On a deeper level they are wisdom tales about manhood, and sometimes about womanhood — educations in the passage to adulthood.
John Ford’s My Darling Clementine is problematic in many respects, despite offering some of the greatest passages in any Western, indeed in any film. Its secondary narrative, involving Doc Holliday and his girlfriend Chihuahua, doesn’t seem of a piece with the rest of the film — Victor Mature, though he gives one of his best performances ever, and Linda Darnell, vexing as always, seem like visitors from another movie, another genre, another era.
Their story feels perfunctory, artificial — miles away from the deeper currents of the film, which show a wanderer, Wyatt Earp, seduced into the concerns of civilization, gallantry and love. Most importantly they present the image of an authentic manhood coming into being.

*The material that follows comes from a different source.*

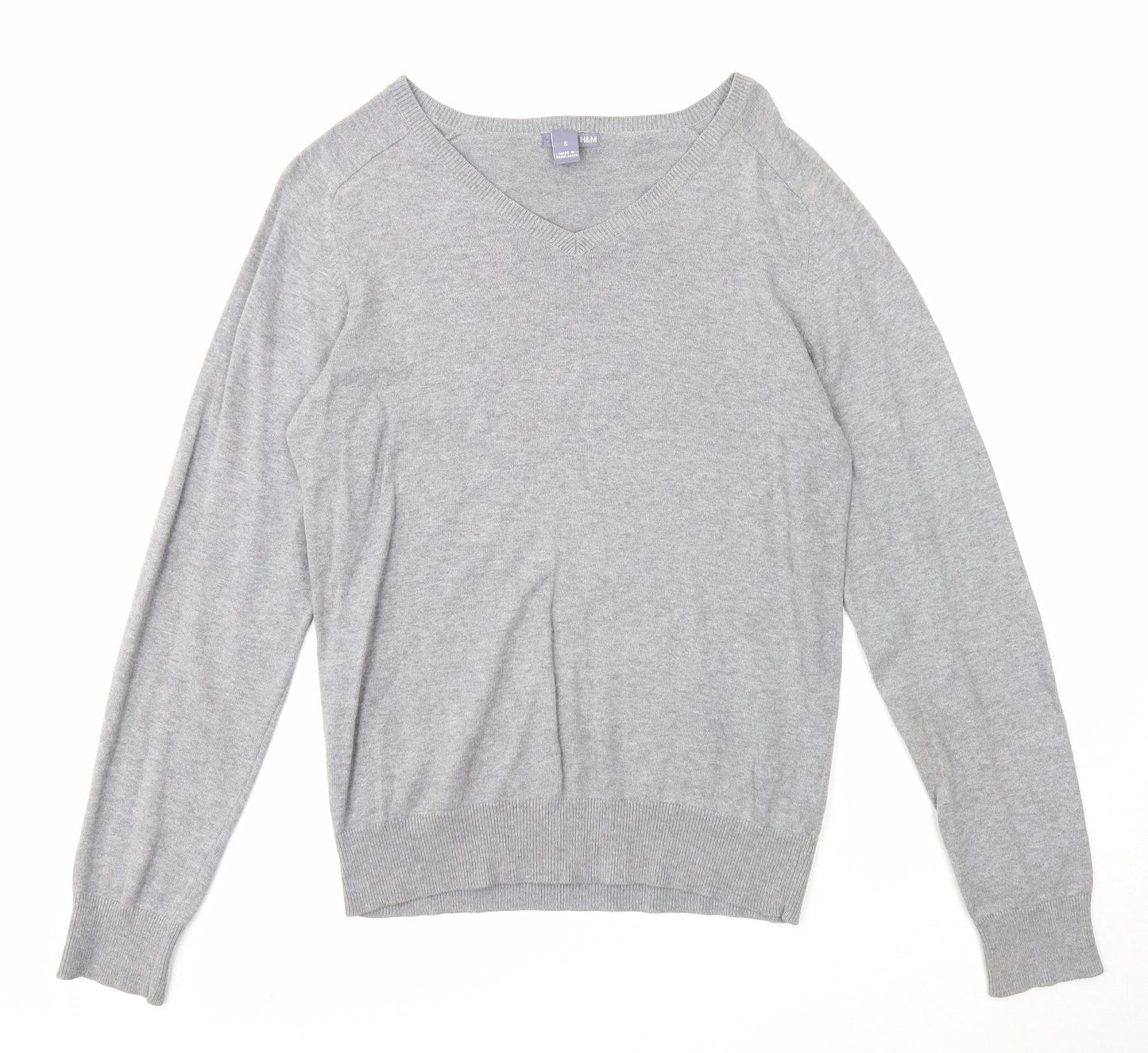 H&M Womens Grey V-Neck Cotton Pullover Jumper Size S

Henry Fonda’s Earp synthesizes a number of contradictory traits. He is boyish, instinctively reticent, even shy, but utterly fearless and thoroughly competent when called on to confront danger. He is unfailingly courteous towards others unless they cross the line of the unacceptable, in which case he is matter-of-factly punitive.
He is gallant towards women, even when he’s not sure what form gallantry towards women should take, even when he fears that in showing gallantry he might make a fool of himself. He’s coolly efficient when violent action is required, befuddled when dealing with etiquette towards women — but equally courageous in both predicaments.
His style of being a man defines the essence of manhood — a virility without bluster or show, a politesse without artifice or vanity. His practical resourcefulness and bravery establish his manliness without need of further proof — his humility and generosity lend his manhood a natural nobility.
There are no men like Fonda’s Earp in modern popular art, one sign of the degradation of our culture.